Isn’t that what happened?
And, didn't that make it possible for every Tom, Dick and Harry to borrow hundreds of thousands of dollars on “no-down payment,” “interest only,” ARMs or other equally risky mortgage-packages?
Of course it did.
There are some who will argue that the Federal Reserve just made an honest mistake and were merely trying to steer the country away from impending recession.
That may be true, but let’s consider the facts before we draw any hasty conclusions.
Did the Federal Reserve double the money supply in the last seven years?
Did they know what they were doing?
Did they know that printing more money creates inflationary pressures and reduces the value of money already in circulation?
Did they realize that the money was going directly into the real estate market where it was creating an “unsustainable” equity bubble that would eventually crash and destroy the lives of hundreds of thousands of Americans whose greatest asset is their home?
Of course, because it's the Federal Reserve which produces all the relevant facts and figures, charts and graphs, about increases (and trends) in the housing market. How could they NOT know?!
In other words, they doubled the money supply and then sat back and watched while $4.5 trillion went directly into the real estate market via mortgage loans to people who were “under-qualified” (knowing that these same people would eventually fail to meet their payments and adversely effect the entire market).
The Federal Reserve knew all of this. In fact, they knew where every dime was going, but decided to persist in their swindle to the bitter end.
Have the real effects of this monster bubble been softened by the huge trade deficit?
Yes, because America currently borrows $800 billion a year from China, Japan, etc. which keeps the economy sputtering along while our manufacturing sector continues to be ransacked.

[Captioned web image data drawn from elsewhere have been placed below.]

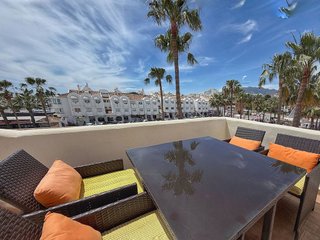 Piso en alquiler en Puerto Marina en Benalmádena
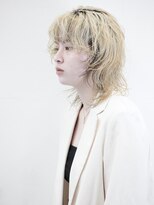 ココ 本八幡(KOKO)&nbsp;#黒髪#小顔#クラゲヘアー#オリーブグレー#ココアベージュ#美髪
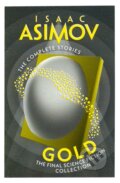 Kniha: Gold (Isaac Asimov). HarperCollins Publishers, 2025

The $800 billion account deficit is like a sedative which lulls us to sleep while the country is looted right in front of our eyes. For example, in the last 12 years, foreign ownership of US assets has soared from $3 trillion to over $12 trillion (400%). At the same time, over 13,000 major US companies have been sold to foreign corporations since 1980. Nevertheless, Americans are only too happy to ignore these unpleasant facts as long as they can totter off to Wal-Mart to buy little Johnny his new videogame. It’s only a matter of time before the scattered, bleached bones of American industry appear everywhere across the American heartland.
And, does the Fed realize that Americans borrowed another $825 billion from their home equity in the last 12 months (to spend on house repairs, shopping, boats etc) and that without that consumer spending the nation’s growth rate (GDP) will shrivel to nothing?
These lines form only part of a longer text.